Les dessins de Greg Capullo sont splendides. Sa patte graphique, reconnaissable entre toutes depuis ses remarquables débuts dans Les Chroniques de Spawn et sa mini-série The Creech, évolue, donnant des contours plus rigides à ses personnages qu’il en a l’habitude. Son style apparaît dans le design des personnages et des architectures entre gothique, modernité et surréalisme. Sa réappropriation des faciès connus est intéressante sans être transcendante, avec une mention spéciale pour le Joker du début, tout à fait dérangeant. Le travail sur Batman est à saluer tout comme celui sur le chara-design original de l’Ergot, tout aussi impressionnant que le Chevalier Noir.

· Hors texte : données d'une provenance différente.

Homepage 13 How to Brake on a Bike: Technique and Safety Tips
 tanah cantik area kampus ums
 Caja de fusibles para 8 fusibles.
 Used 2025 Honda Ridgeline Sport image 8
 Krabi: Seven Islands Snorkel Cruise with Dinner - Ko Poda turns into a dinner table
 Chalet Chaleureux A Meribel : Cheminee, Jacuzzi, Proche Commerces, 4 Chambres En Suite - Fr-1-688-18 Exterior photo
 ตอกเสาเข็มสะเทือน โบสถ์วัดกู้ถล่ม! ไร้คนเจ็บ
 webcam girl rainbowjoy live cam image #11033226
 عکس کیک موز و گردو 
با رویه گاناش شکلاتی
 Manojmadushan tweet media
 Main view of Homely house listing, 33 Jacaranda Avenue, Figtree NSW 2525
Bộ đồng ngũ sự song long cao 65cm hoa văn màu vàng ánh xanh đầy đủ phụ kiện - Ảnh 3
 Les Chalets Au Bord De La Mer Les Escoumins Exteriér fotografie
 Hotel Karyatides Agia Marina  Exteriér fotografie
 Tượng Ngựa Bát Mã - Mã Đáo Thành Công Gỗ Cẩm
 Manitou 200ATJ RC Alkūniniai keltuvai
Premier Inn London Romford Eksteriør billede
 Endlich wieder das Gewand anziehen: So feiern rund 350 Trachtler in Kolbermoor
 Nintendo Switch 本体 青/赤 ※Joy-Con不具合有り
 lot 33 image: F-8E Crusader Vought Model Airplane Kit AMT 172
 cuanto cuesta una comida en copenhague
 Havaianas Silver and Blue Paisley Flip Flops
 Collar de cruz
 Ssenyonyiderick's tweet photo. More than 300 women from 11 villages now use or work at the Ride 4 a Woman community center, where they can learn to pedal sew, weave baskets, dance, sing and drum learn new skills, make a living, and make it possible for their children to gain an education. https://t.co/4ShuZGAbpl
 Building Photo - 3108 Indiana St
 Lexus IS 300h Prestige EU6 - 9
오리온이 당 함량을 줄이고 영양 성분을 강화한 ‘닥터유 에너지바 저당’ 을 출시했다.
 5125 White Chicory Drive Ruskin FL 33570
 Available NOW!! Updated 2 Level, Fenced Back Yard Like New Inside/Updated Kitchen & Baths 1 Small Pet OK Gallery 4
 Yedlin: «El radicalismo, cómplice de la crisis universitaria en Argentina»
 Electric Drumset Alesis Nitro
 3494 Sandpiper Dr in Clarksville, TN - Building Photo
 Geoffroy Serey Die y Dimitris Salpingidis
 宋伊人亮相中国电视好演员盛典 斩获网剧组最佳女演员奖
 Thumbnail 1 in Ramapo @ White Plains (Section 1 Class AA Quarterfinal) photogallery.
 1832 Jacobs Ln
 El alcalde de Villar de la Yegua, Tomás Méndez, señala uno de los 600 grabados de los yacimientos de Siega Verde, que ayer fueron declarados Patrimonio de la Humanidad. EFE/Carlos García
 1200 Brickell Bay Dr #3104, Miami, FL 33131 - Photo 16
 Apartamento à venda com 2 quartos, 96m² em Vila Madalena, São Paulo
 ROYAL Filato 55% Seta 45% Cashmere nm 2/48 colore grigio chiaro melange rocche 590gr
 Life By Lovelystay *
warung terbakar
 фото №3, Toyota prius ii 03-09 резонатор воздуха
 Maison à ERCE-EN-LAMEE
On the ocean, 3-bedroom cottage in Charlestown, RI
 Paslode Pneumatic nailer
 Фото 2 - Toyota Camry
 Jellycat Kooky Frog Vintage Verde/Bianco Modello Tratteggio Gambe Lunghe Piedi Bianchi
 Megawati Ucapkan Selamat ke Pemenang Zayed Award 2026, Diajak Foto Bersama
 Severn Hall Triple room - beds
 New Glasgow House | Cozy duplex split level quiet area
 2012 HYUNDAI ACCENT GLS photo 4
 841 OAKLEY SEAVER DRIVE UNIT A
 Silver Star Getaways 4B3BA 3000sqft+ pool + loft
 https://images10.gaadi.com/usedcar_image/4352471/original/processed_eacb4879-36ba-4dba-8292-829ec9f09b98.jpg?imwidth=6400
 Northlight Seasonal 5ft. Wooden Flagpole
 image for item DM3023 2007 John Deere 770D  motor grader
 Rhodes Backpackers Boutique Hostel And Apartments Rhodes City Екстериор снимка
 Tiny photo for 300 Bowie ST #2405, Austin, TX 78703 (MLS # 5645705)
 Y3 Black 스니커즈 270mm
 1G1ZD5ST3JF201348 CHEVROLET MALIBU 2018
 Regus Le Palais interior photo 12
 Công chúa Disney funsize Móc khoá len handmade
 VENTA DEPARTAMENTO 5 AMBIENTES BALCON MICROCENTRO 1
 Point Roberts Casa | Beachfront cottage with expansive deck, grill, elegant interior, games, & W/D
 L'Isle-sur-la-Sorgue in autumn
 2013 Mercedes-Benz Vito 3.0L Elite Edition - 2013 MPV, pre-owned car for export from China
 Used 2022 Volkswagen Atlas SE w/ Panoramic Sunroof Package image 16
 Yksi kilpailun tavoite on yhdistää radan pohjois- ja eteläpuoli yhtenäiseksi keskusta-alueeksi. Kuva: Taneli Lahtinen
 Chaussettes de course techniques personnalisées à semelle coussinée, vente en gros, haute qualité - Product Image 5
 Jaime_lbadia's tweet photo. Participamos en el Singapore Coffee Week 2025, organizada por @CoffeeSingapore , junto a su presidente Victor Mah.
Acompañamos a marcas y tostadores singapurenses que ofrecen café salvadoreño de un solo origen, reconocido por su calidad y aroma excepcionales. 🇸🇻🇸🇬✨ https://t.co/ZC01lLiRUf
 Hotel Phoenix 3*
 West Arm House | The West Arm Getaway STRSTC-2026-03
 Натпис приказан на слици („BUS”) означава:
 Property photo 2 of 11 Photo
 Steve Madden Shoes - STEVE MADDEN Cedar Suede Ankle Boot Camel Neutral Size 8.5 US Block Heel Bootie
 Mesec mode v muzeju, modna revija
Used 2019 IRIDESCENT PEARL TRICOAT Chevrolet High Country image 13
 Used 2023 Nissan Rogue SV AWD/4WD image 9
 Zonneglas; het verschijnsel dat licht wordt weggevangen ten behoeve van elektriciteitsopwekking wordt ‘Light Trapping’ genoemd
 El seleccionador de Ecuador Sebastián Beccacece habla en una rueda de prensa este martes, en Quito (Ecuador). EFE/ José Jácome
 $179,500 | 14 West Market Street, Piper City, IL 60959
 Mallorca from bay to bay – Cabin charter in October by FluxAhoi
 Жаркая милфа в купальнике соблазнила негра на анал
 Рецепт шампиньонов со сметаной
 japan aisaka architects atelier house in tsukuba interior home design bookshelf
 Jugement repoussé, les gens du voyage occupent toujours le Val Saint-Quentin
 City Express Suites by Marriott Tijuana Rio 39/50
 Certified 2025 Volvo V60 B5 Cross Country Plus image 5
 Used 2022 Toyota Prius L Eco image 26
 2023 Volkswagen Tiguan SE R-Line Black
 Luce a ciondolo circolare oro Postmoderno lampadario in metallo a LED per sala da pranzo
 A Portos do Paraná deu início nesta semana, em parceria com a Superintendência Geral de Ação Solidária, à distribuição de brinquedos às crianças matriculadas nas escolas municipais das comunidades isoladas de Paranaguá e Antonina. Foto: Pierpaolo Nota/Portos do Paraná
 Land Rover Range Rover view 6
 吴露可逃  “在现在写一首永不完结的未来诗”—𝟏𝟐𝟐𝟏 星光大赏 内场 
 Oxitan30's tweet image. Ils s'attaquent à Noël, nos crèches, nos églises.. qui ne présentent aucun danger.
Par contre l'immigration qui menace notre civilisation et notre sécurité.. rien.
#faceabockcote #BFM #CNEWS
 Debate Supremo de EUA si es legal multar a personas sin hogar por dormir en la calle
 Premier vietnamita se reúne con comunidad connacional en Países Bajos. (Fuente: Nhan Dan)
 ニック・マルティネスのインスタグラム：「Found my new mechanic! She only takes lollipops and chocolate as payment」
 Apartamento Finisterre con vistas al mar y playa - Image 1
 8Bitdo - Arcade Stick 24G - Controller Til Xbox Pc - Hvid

Il est toutefois à déplorer la trop grande ressemblance de certains visages “civils” ou le rajeunissement de Bruce Wayne (New 52 oblige) propre à en faire un jeune et fringuant trentenaire loin de l’image de justicier usé et torturé qu’on lui connaissait jusque-là, si bien que Bruce semble désormais avoir à peu près le même âge que Dick.

La Cour des hiboux s’inscrit donc dans la logique du New 52, une remise à plat de l’univers et des personnages au sein des 52 séries DC.
Le fait est que certains éléments de cette aventure donnent à croire que l’intrigue s’inscrit dans la continuité des oeuvres précédant le New 52 (l’absence du Joker, certains échanges entre Bruce et Dick) tout en voulant s’en émanciper.
Batman ayant subi plusieurs mises à jour depuis sa création en 1939, il est désormais impossible de faire table rase de certaines oeuvres ultérieures, dont les grands classiques des années 80 et 90. D’autant que ceux-ci ont largement influencé les adaptations cinématographiques du justicier de Gotham.
La Cour des hiboux est donc (après le décevant La Nouvelle aube) la toute première réussite de cette refonte du Batverse, justement parce qu’elle propose de nouveaux enjeux et met en difficulté le Caped Crusader comme rarement il l’aura été.